GIULIANOVA. A due mesi dagli scontri del dopo partita Giulianova-Avezzano, il questore Giovanni Febo firma i primi tredici provvedimenti di divieto di accesso alle manifestazioni sportive nei confronti di altrettanti ultrà giuliesi. Il procedimento, infatti, non è chiuso visto che la polizia teramana è in attesa degli accertamenti della questura aquilana a cui sono stati inviati foto e video degli scontri per procedere anche all’eventuale identificazione di supporter biancoverdi che hanno partecipato agli scontri.

Tutti e 13, oltre ad essere stati raggiunti dal Daspo, sono stati anche denunciati alla procura per violenza e resistenza a pubblico ufficiale, lesioni personali, danneggiamento e, solo alcuni, anche per travisamento.

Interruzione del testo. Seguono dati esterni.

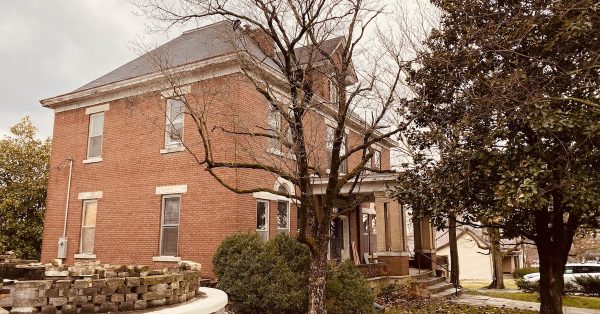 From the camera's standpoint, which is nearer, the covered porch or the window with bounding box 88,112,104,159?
the covered porch

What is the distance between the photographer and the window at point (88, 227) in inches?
642

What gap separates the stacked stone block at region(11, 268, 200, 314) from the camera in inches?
212

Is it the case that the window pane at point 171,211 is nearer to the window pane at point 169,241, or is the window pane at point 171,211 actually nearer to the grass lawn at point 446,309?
the window pane at point 169,241

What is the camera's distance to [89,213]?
54.6ft

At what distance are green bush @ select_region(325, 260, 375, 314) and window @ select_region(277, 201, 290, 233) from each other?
538 cm

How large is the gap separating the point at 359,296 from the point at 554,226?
16.1ft

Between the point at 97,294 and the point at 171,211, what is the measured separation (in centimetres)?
919

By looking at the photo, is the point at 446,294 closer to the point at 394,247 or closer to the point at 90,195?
the point at 394,247

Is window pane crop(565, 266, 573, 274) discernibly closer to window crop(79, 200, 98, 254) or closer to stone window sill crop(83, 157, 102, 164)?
window crop(79, 200, 98, 254)

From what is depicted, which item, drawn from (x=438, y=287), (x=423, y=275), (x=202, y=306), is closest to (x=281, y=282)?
(x=202, y=306)

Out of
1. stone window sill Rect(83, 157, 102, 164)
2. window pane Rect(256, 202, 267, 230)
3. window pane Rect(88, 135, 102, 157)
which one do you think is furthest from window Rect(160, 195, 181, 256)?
window pane Rect(88, 135, 102, 157)

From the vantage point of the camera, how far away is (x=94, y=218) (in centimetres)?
1644

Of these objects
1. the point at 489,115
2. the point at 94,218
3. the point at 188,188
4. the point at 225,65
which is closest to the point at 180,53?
the point at 225,65

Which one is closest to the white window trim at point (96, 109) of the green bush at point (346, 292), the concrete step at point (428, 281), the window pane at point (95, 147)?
the window pane at point (95, 147) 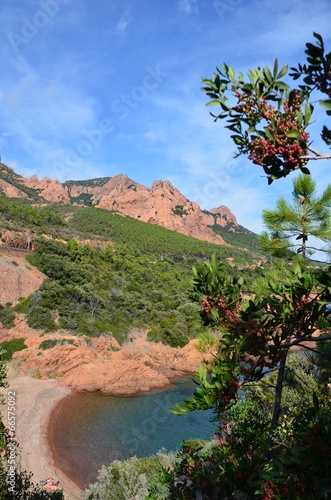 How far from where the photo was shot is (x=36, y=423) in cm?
2156

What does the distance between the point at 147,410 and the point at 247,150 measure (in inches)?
1061

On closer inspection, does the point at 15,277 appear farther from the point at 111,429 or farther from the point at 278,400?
the point at 278,400

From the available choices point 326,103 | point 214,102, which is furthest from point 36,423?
point 326,103

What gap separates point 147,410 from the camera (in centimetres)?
2536

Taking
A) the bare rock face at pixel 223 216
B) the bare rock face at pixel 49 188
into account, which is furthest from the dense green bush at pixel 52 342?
the bare rock face at pixel 223 216

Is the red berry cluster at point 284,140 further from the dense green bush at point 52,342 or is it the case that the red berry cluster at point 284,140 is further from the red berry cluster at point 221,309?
the dense green bush at point 52,342

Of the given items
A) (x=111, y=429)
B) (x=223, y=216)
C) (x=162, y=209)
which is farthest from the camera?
(x=223, y=216)

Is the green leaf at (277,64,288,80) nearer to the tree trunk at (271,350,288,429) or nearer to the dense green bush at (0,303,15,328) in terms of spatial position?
the tree trunk at (271,350,288,429)

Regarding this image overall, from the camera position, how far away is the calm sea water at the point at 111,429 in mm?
18656

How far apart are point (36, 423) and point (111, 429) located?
17.4 ft

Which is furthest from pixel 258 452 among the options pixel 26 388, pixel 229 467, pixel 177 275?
pixel 177 275

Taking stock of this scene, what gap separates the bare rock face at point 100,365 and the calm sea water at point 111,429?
4.22ft

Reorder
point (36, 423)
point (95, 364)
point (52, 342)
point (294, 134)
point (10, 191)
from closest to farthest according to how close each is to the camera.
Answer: point (294, 134)
point (36, 423)
point (52, 342)
point (95, 364)
point (10, 191)

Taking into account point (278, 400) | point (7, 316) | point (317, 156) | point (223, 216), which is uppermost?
point (223, 216)
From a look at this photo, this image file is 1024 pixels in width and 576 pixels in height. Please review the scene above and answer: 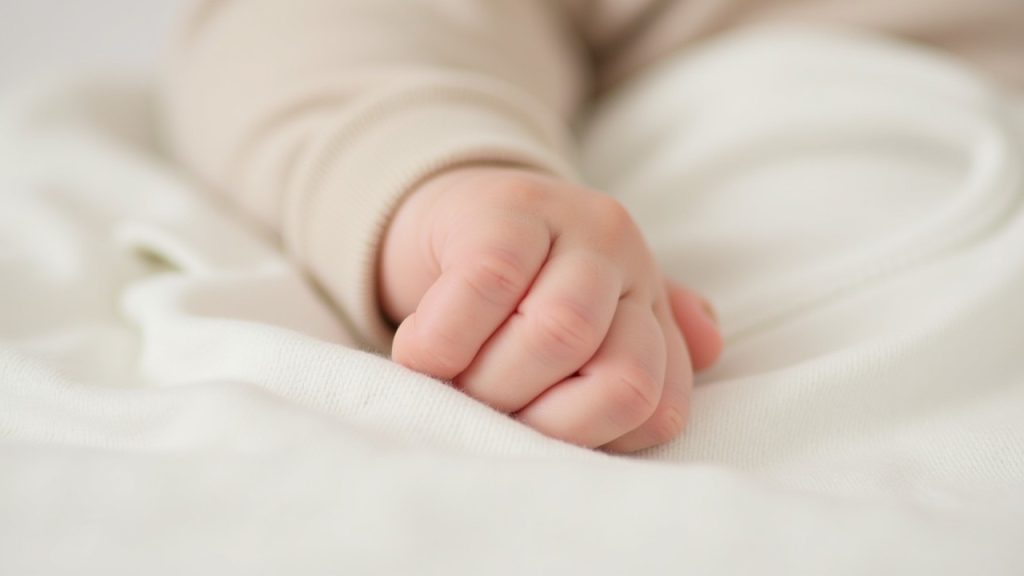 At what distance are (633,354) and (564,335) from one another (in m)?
0.03

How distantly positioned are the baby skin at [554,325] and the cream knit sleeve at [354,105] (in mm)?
98

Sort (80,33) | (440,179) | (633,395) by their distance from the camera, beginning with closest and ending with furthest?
(633,395) → (440,179) → (80,33)

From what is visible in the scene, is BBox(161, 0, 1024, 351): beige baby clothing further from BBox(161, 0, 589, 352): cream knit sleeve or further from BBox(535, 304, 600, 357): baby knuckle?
BBox(535, 304, 600, 357): baby knuckle

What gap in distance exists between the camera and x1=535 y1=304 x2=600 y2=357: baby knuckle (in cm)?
32

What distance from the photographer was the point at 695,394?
38cm

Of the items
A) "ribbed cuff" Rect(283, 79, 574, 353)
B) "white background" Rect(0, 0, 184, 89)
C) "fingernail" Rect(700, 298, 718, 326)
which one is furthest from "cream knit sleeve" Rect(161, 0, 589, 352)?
"white background" Rect(0, 0, 184, 89)

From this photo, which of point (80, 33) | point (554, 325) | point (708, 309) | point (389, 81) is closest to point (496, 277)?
point (554, 325)

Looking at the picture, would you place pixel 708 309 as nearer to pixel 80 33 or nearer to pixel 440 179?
pixel 440 179

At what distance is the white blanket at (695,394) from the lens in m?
0.26

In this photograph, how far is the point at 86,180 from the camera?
1.96 ft

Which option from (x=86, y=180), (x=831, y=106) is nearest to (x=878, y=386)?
(x=831, y=106)

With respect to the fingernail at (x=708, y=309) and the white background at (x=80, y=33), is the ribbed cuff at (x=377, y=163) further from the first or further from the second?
the white background at (x=80, y=33)

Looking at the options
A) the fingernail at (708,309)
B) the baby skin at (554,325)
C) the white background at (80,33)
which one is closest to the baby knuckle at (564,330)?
→ the baby skin at (554,325)

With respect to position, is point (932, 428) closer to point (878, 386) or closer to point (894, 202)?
point (878, 386) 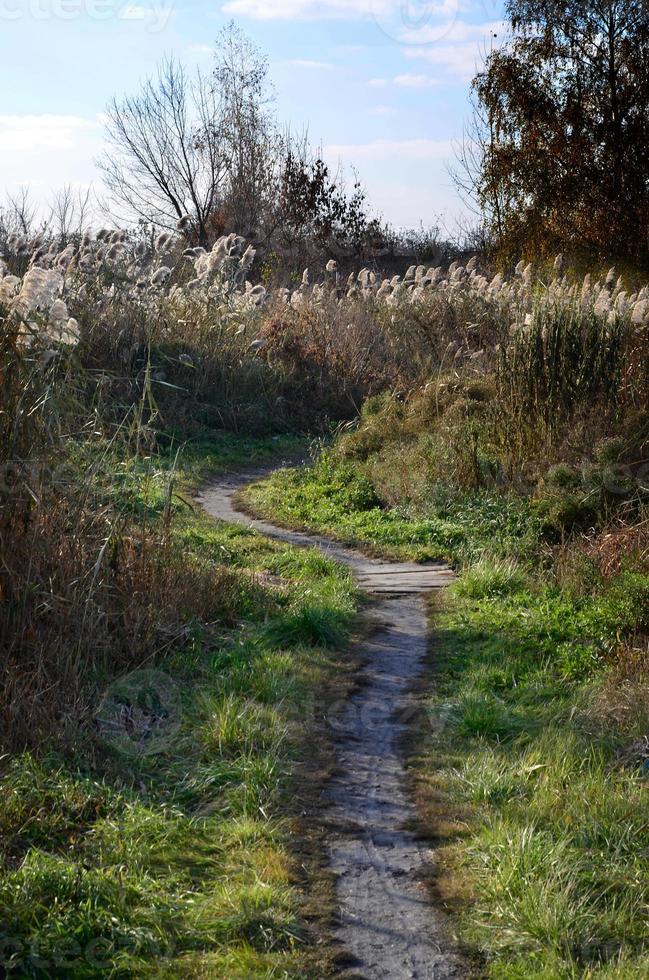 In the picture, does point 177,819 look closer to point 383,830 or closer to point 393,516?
point 383,830

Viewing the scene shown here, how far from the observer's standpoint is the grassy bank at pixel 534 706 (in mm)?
3283

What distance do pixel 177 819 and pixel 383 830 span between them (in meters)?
0.78

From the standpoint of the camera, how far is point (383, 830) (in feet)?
13.1

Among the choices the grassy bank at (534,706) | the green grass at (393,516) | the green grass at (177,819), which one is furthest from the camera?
the green grass at (393,516)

Per otto di loro il provvedimento ha durata di tre anni, per gli altri di due. Gli scontri avvennero l’ 8 novembre al termine della partita Giulianova-Avezzano, valevole per il campionato nazionale dilettanti di serie D. Alla fine della gara, conclusa con il punteggio di 0-0, i tifosi usciti nei piazzali dai rispettivi cancelli si affrontarono dietro allo stadio Fadini armati di bastoni e cinghie. E non solo. Tra le opposte tifoserie, infatti, ci fu anche un lancio di petardi e sassi .

Al fischio finale dell'arbitro, i primi petardi furono fatti esplodere nell'area degli ospiti. Quindi sia i tifosi giallorossi sia quelli marsicani vennero fatti defluire dai rispettivi cancelli, ma mentre i tifosi dell'Avezzano stavano per essere accompagnati agli autobus un gruppo di ultrà giuliesi raggiunse il piazzale che si trova dietro lo stadio e ci fu una sassaiola. Solo l’intervento immediato di carabinieri e polizia evitò il peggio.(d.p.)